The team at Euro RSCG drove around Brussels every day and checked in at leading agencies. After they became the “Mayor” of targeted agencies, they released their recruitment messages.
Foursquare as a recruitment billboard
The mechanic is simple and slightly mischievous. Foursquare rewards repeated check-ins at a venue with the “Mayor” status. Euro RSCG uses that status as the placement, then drops hiring messages where competitors’ people are most likely to notice them.
In competitive digital-talent markets, employer branding works best when it shows up inside the daily tools and rituals your target audience already uses.
Why it lands
It is instantly understandable, and it leverages a public platform rule rather than buying attention. The move also signals confidence. “We are willing to compete for talent in plain sight.” At the same time, it walks a fine line. If it feels like harassment rather than humour, the tactic can backfire.

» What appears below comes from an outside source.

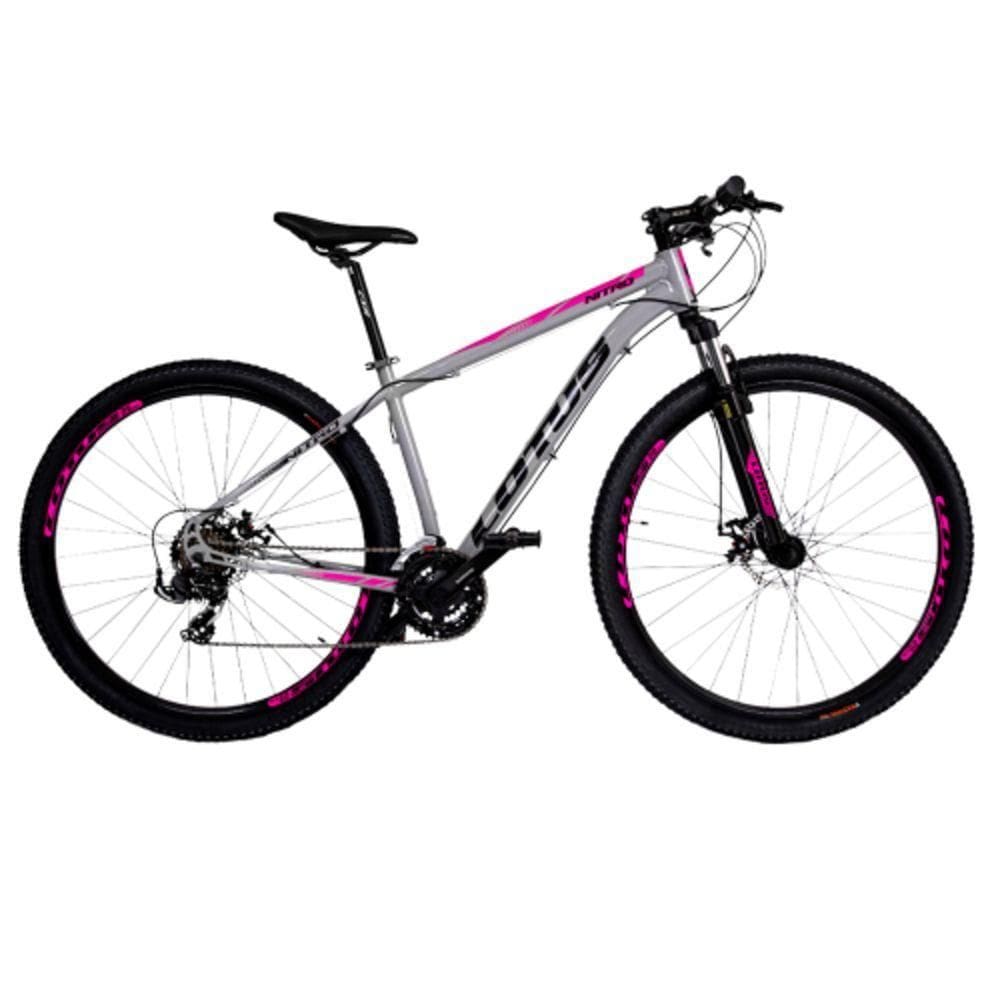 Bicicleta Cairu Nitro Aro 29 Al 21v 17.5 - 311375 Cinza-rosa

Extractable takeaway: If you use a social platform as a recruiting channel, make the entry mechanic native to the platform and keep the message playful, specific, and respectful, or it will read as desperation.
What to steal
- Target by context, not by demographics. “Where do the people I want already spend attention?” is often the better question.

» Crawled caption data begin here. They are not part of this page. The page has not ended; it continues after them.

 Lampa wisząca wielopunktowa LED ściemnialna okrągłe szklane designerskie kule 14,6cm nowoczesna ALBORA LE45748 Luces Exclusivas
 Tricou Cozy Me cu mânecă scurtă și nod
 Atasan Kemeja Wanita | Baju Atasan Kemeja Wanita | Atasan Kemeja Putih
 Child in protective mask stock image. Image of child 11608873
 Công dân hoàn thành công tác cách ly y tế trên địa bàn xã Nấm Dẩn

- Use platform rules as media. When the channel itself creates the placement, participation feels less like advertising.
- Keep the call to action tight. One clear role or value proposition beats generic “we’re hiring.”
- Anticipate the ethics. If you would not want a competitor doing it to you, adjust tone and frequency.

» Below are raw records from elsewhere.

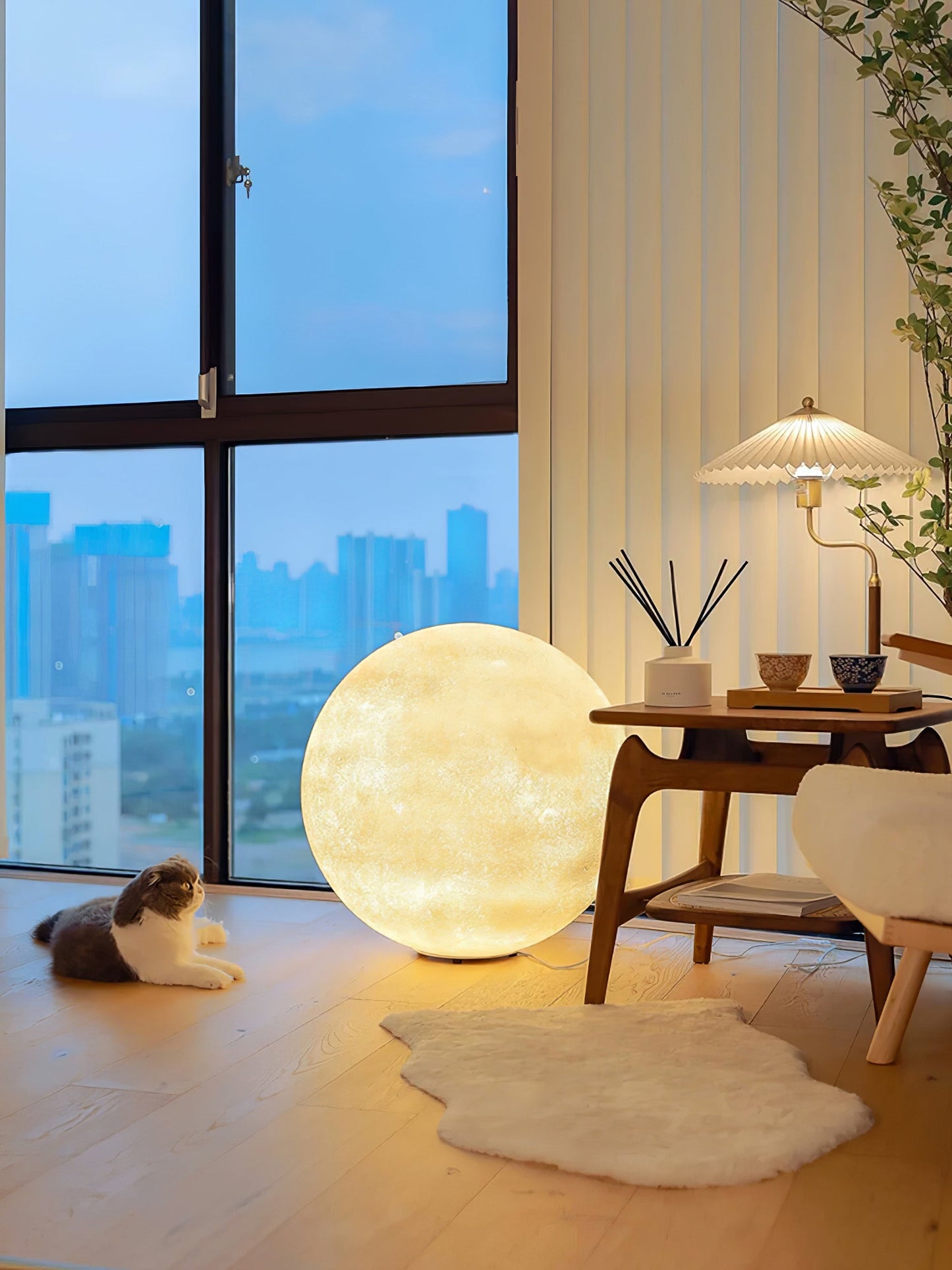 Moon Table Lamp Elegant Nightlight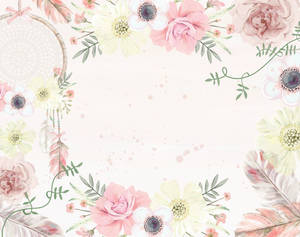 Fondo de pantalla de patrones florales boho — 5:4 Fondos de pantalla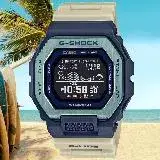 在飛比找遠傳friDay購物優惠-CASIO G-SHOCK 藍牙連線 懷舊復古風方形電子腕錶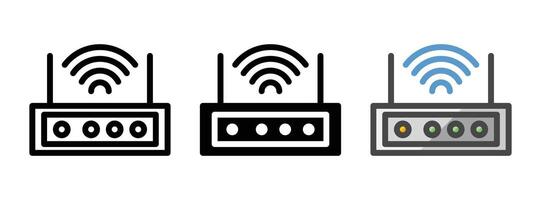 Mehrzweck Router Vektor Symbol im Umriss, Glyphe, gefüllt Gliederung Stil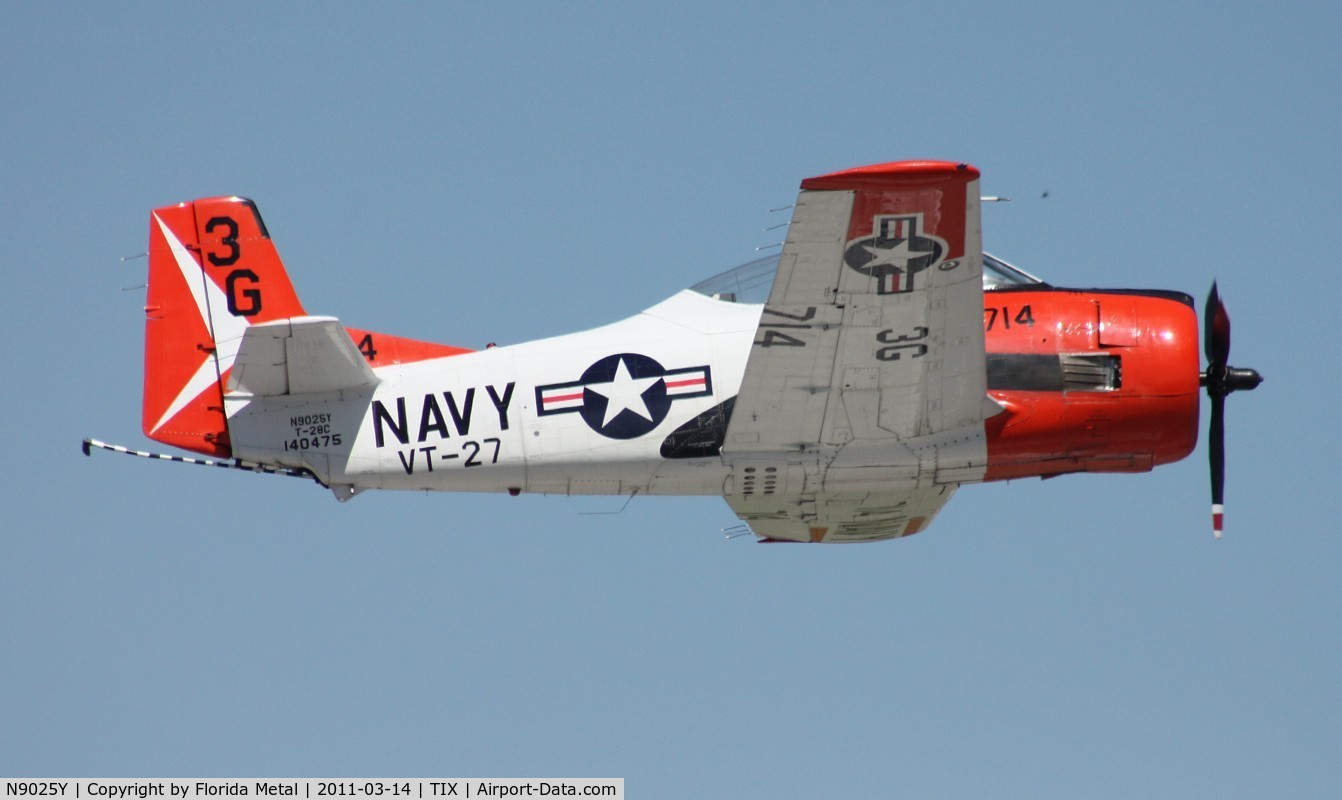 N9025Y, 1956 North American T-28C Trojan C/N 226-152, T-28C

- Design for screenshots. If the message is worth sharing, the audience will distribute it for you.
Other examples of agencies using social media to attract talent are:
- In your face by DraftFCB
- Trojan Art Director Recruitment by Jung von Matt
A few fast answers before you act
What is the Euro RSCG Foursquare idea in one sentence?
It is a recruitment tactic where Euro RSCG repeatedly checks in at competitor agency venues on Foursquare, becomes “Mayor,” then posts hiring messages to reach digital talent.
Why does “Mayor” status matter?
Because it is a visible, platform-granted position at a location. That makes the recruitment message feel placed “inside” the venue’s social layer rather than pushed from outside.
What makes this more effective than a standard job post?
It targets people by environment and habit. The message shows up where relevant talent is likely to be, not where job ads usually live.
What is the main risk?
Reputation. If the move feels aggressive, disrespectful, or creepy, it can damage employer brand faster than it attracts candidates.
How do you measure success?
Qualified inbound applications attributed to the tactic, social sharing and sentiment, and whether awareness among the intended talent pool increases without negative backlash.